A Breakthrough Circuit Lower Bound

On October 8th, when in my graduate complexity course as we discussed the 1987 Razborov-Smolensky result that one can't compute the Modp by constant-depth polynomial-size circuits with AND, OR, NOT and Modq gates for primes p≠q, I noted the limits of our knowledge,
We can't even prove that NEXP (the exponential time version of NP) can't be solved by constant-depth polynomial-size circuits with just Mod6 gates, even without AND and ORs.
Now we can. And by "we" I mean Ryan Williams who just yesterday posted his proof that NEXP cannot be solved in the class ACC0, the class of constant-depth poly-size circuits with AND, OR, NOT and Modm gates for any fixed m. For the larger class EXPNP, Ryan gets exponential lower bounds. Dick, Scott and Luca already heaped their praise on these new results. No doubt, this is perhaps the most interesting computational complexity result since Reingold and the best progress in circuit lower bounds in nearly a quarter century.

It's not so much the result itself, in class I'll now just say "We don't even know how to prove that NEXP isn't in TC0 (poly-size constant-depth circuits with majority gates)" but an outright example that the proof techniques described in Ryan's STOC paper can be used to get new lower bounds, really opening the door to the first fresh approach to circuits in a long time. This approach converts weak algorithms for solving circuit satisfiability questions into circuit lower bounds. Ryan's proof doesn't use deep mathematical techniques but rather puts together a series of known tools in amazingly clever ways.

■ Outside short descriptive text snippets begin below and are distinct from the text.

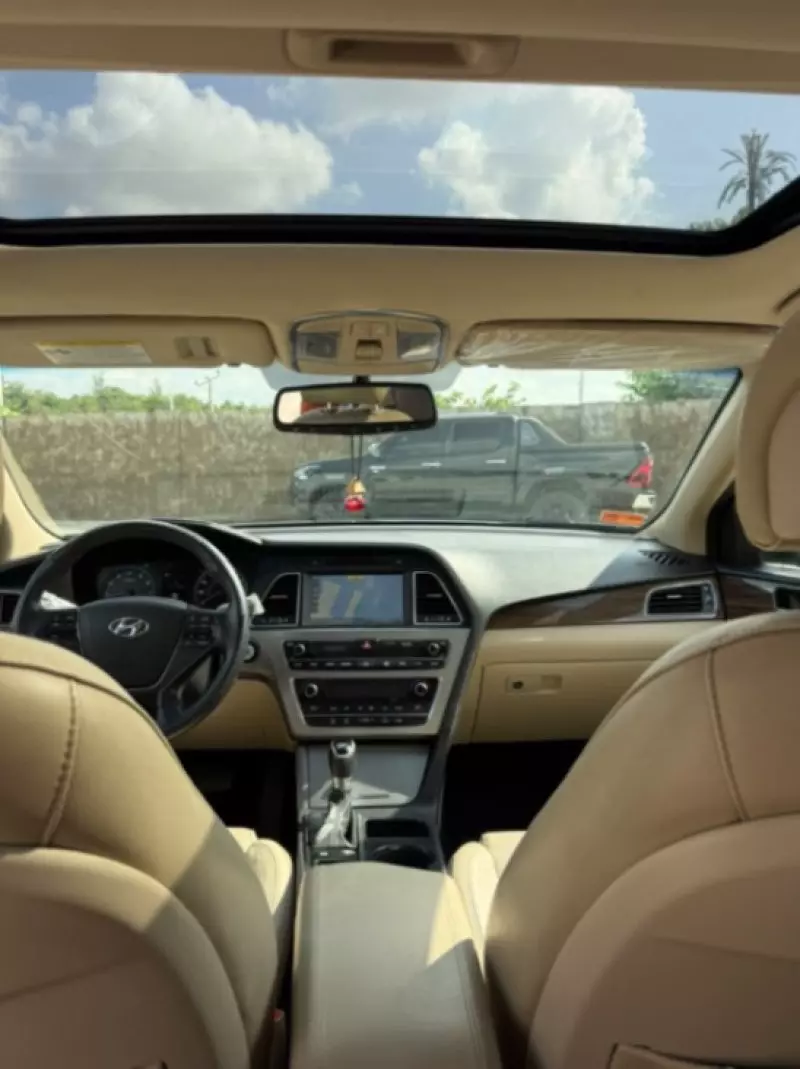 Hyundai Sonata   - 2017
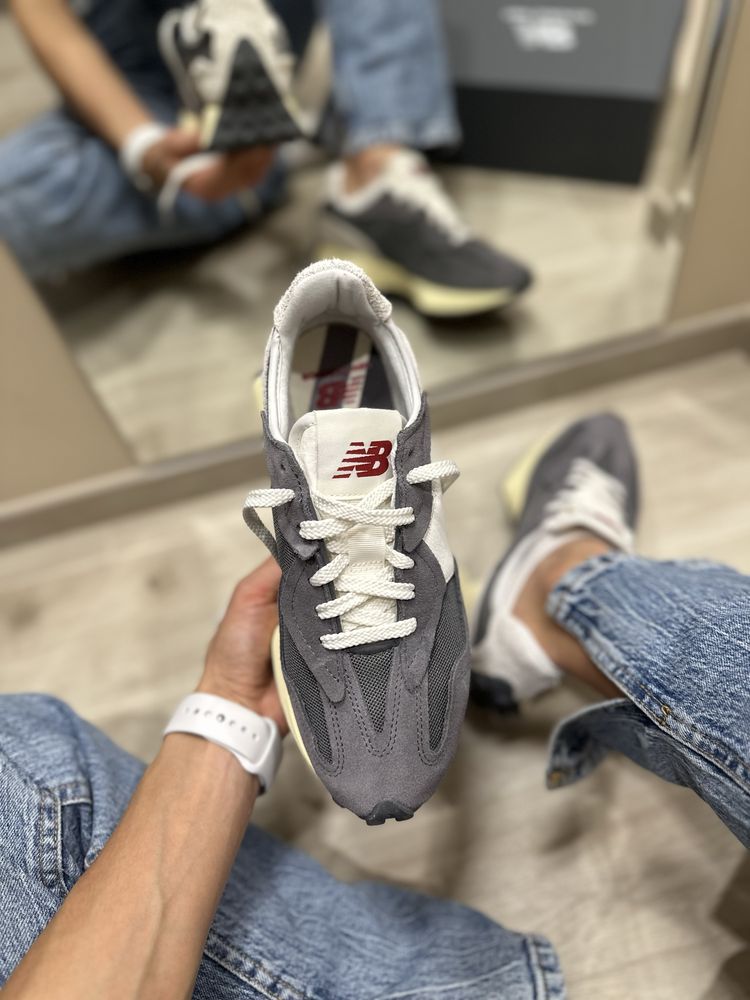 Жіночі оригінальні кросівки New Balance U327WRF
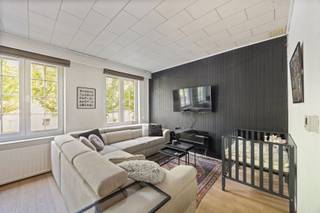 Instapklare woning met 4 slaapkamers en mooie tuin op Toplocatie in BrasschaatDeze verzorgde instapklare woning is ideaal gelegen in een rustige,...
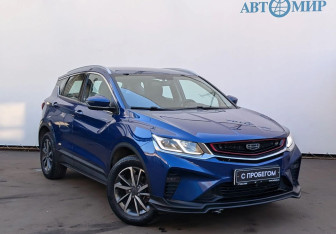 Подержанный автомобиль Geely Coolray 2022 года (3 фото)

Ryan breaks through the natural proofs barrier in an interesting way. We didn't know if one can have one-way functions described by ACC0 circuits so it wasn't clear if natural proofs applied to lower bounds for ACC0. Ryan's paper doesn't break these one-way functions, rather he avoids the issue by using diagonalization and so his proof does not fulfill the constructivity requirement of natural proofs. Modifying his proof to make it "natural" would imply showing there aren't ACC0 one-way functions but that's still open. So there is no inherent reason Ryan's techniques couldn't work on TC0 or larger classes without violating natural proofs.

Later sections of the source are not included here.